# AIM OF THE EXERCISE
Write out exactly, please, every line from the beginning of the entries to the line holding "Vice President Harris", and no pictures.
--------------------------------------------------
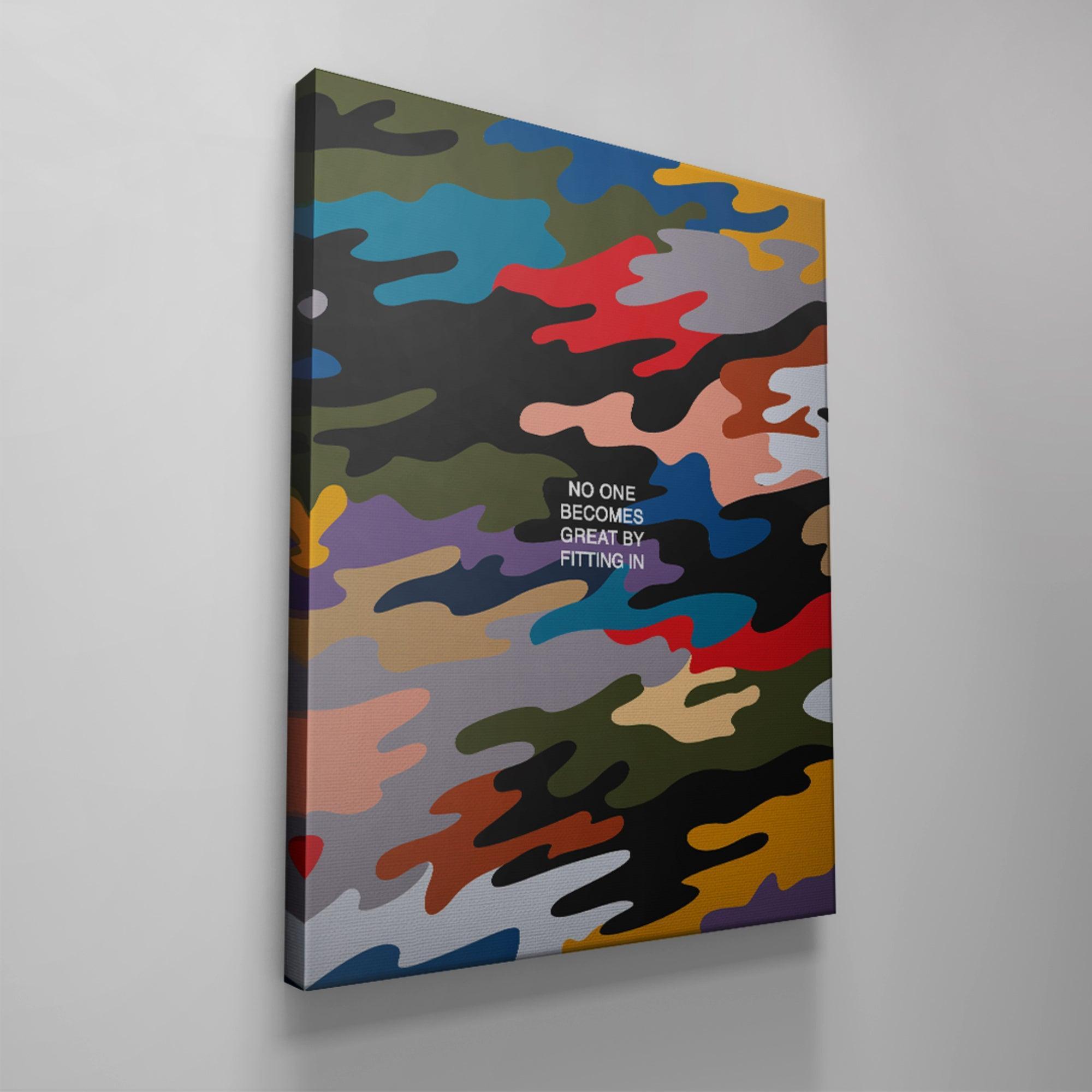 No One Becomes Great By Fitting In - IKONICK - IKONICK Original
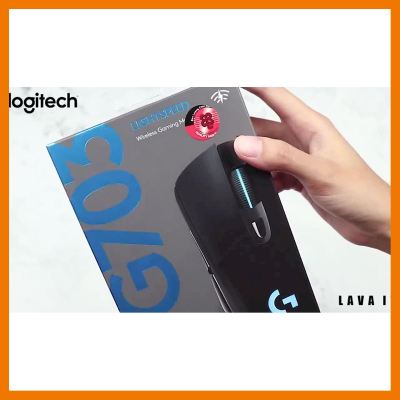 สินค้าขายดี!!! Logitech G703 HERO Lightspeed Wireless Gaming Mouse เมาส์เกมมิ่งไร้สาย - รับประกันศูนย์2ปี Gaming Wireless ที่ชาร์จ แท็บเล็ต ไร้สาย เสียง หูฟัง เคส ลำโพง Wireless Bluetooth โทรศัพท์ USB ปลั๊ก เมาท์ HDMI สายคอมพิวเตอร์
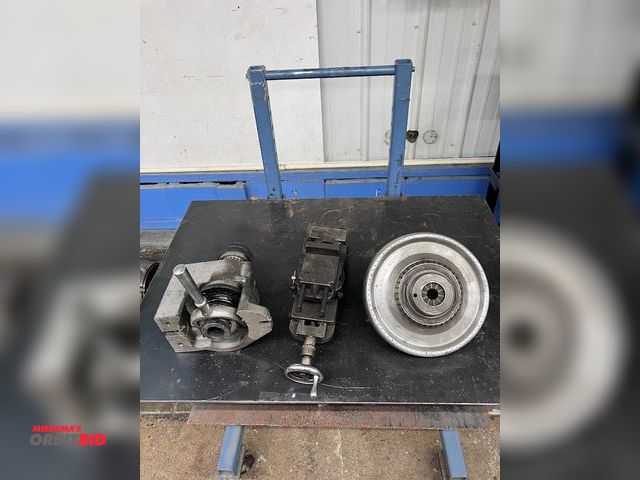 Lot 1-3610 - Precision Milling Vise &amp; Indexing Fixtures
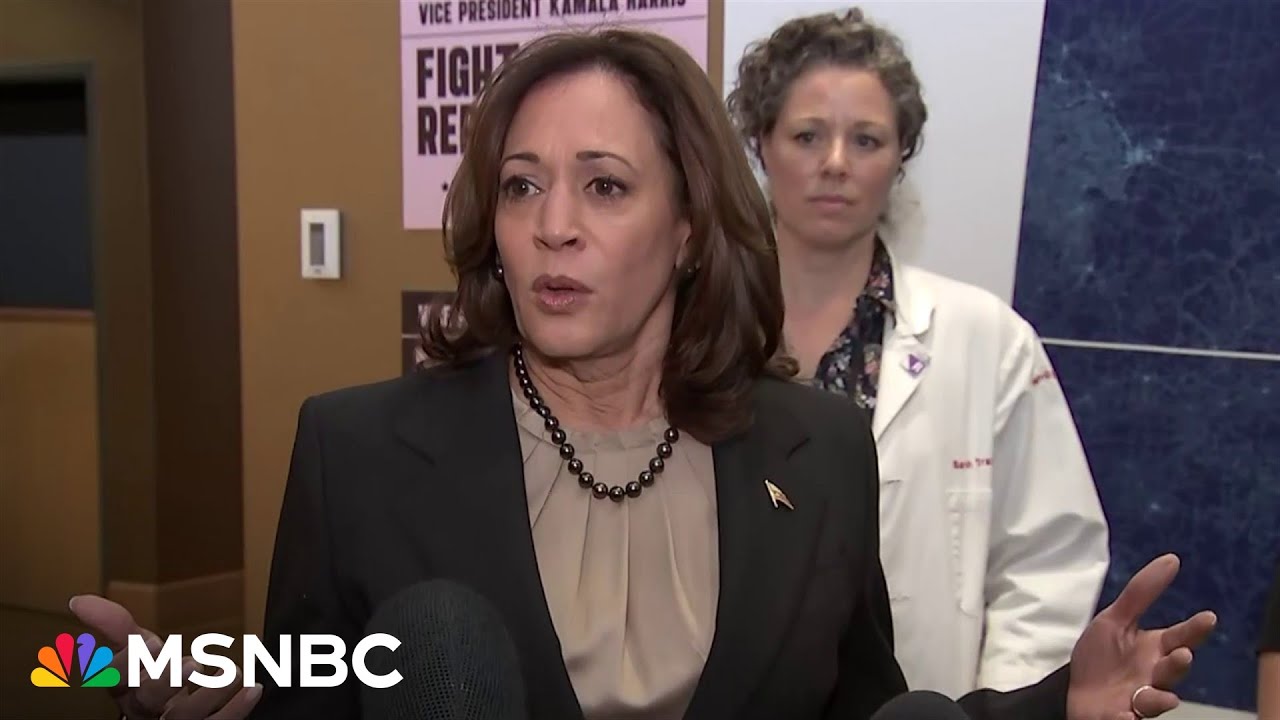Vice President Harris pioneers historic visit to Planned Parenthood ...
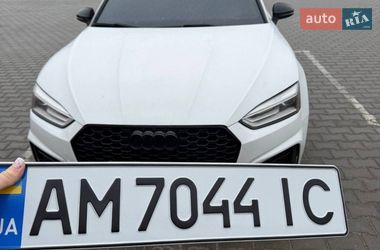 Купе Audi A5 2017 в Житомире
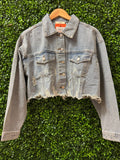 Smiley Denim Jacket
--------------------------------------------------
# WORKED SOLUTION
 No One Becomes Great By Fitting In - IKONICK - IKONICK Original
 สินค้าขายดี!!! Logitech G703 HERO Lightspeed Wireless Gaming Mouse เมาส์เกมมิ่งไร้สาย - รับประกันศูนย์2ปี Gaming Wireless ที่ชาร์จ แท็บเล็ต ไร้สาย เสียง หูฟัง เคส ลำโพง Wireless Bluetooth โทรศัพท์ USB ปลั๊ก เมาท์ HDMI สายคอมพิวเตอร์
 Lot 1-3610 - Precision Milling Vise &amp; Indexing Fixtures
Vice President Harris pioneers historic visit to Planned Parenthood ...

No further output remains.